• Work to complete
The required output is the exact run of lines in the listing below from the line holding "Calhoun Lofts Landscape and Walk Connection" through the line holding "Baggy Cargo Pants", with no pictures.

Dataset extract: Begin

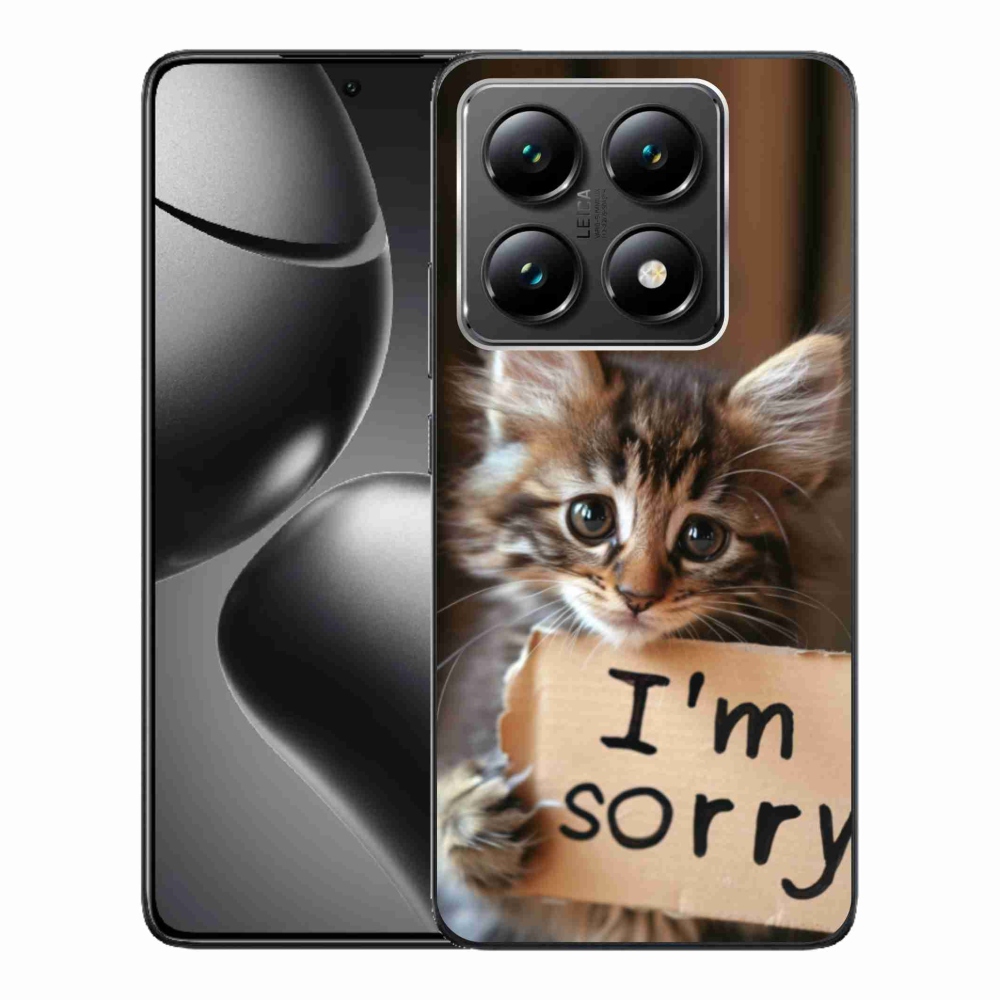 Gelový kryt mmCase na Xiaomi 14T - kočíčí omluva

Dataset extract: End
Dataset extract: Begin

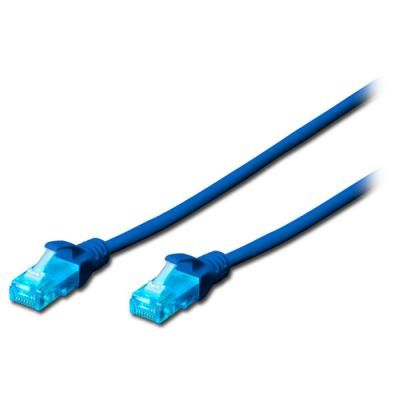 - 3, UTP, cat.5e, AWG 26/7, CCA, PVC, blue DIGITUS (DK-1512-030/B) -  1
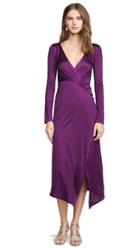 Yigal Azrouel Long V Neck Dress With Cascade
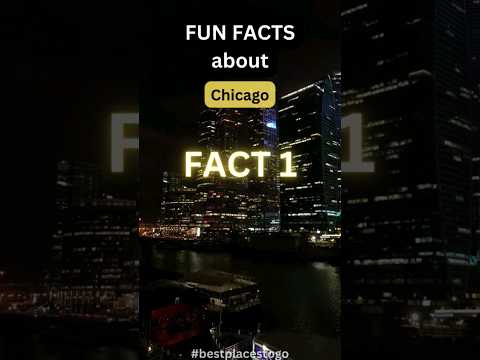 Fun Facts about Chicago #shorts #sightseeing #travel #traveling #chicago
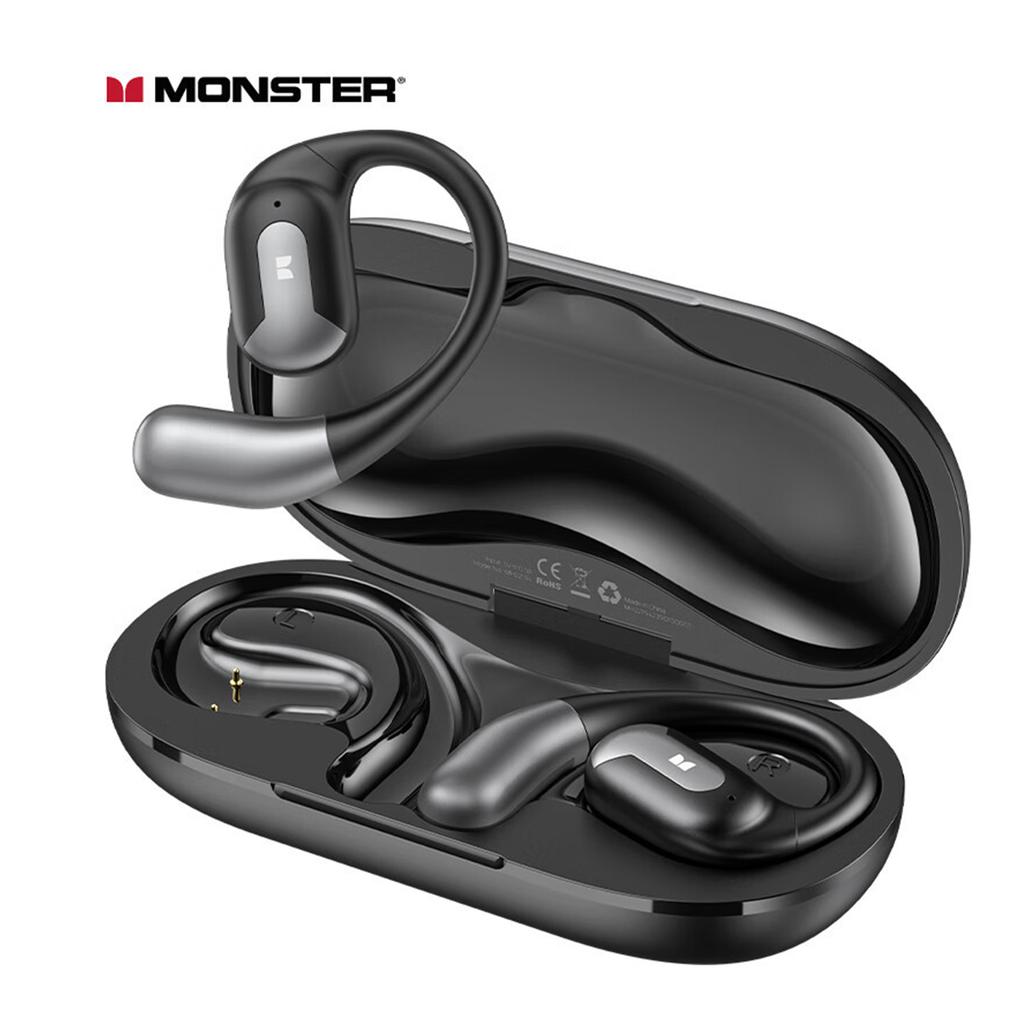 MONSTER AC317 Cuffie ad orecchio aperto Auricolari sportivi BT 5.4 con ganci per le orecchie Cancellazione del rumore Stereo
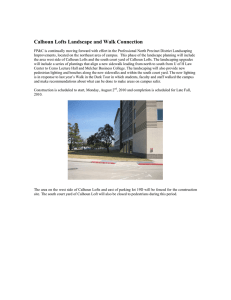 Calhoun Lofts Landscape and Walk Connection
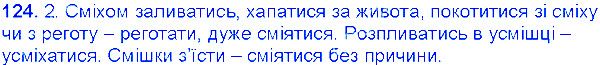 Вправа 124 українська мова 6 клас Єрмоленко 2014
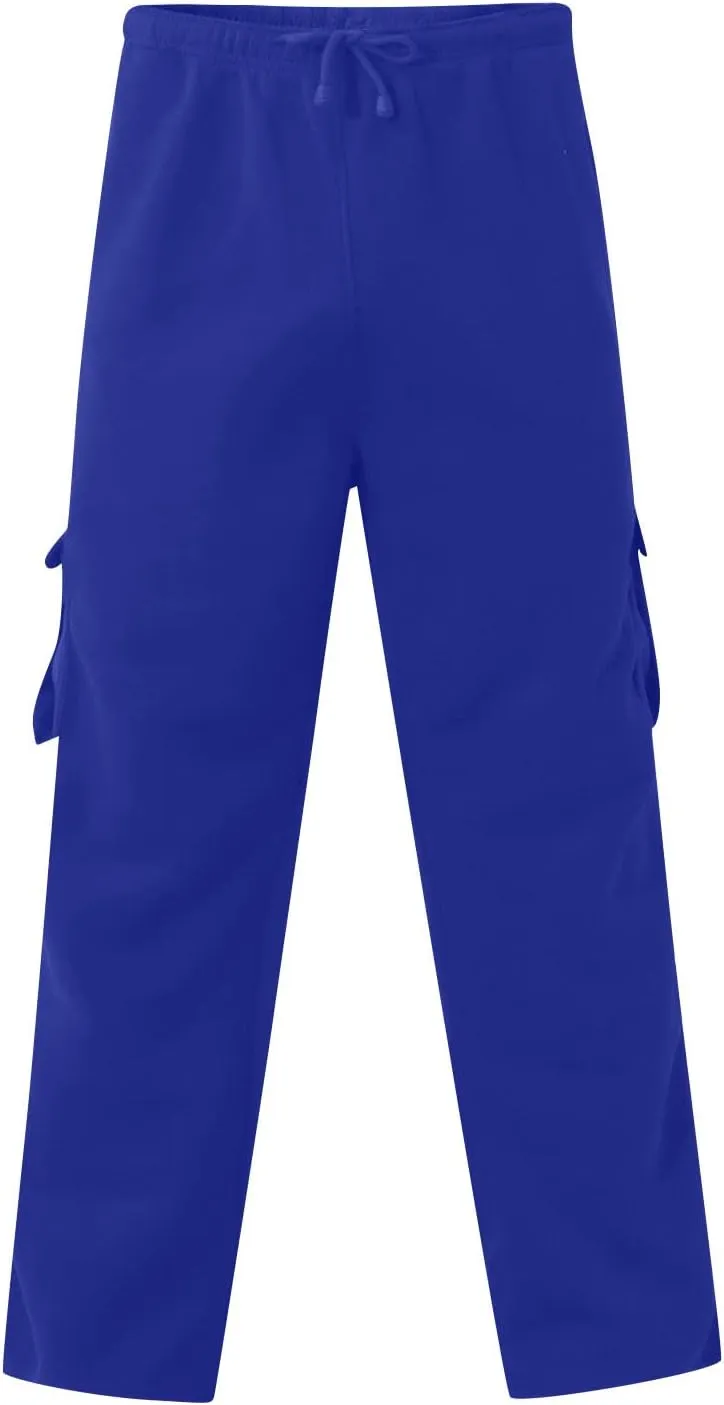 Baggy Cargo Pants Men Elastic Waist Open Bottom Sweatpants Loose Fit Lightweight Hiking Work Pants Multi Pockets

Dataset extract: End

• Response to the task
 Calhoun Lofts Landscape and Walk Connection
 Вправа 124 українська мова 6 клас Єрмоленко 2014
 Baggy Cargo Pants Men Elastic Waist Open Bottom Sweatpants Loose Fit Lightweight Hiking Work Pants Multi Pockets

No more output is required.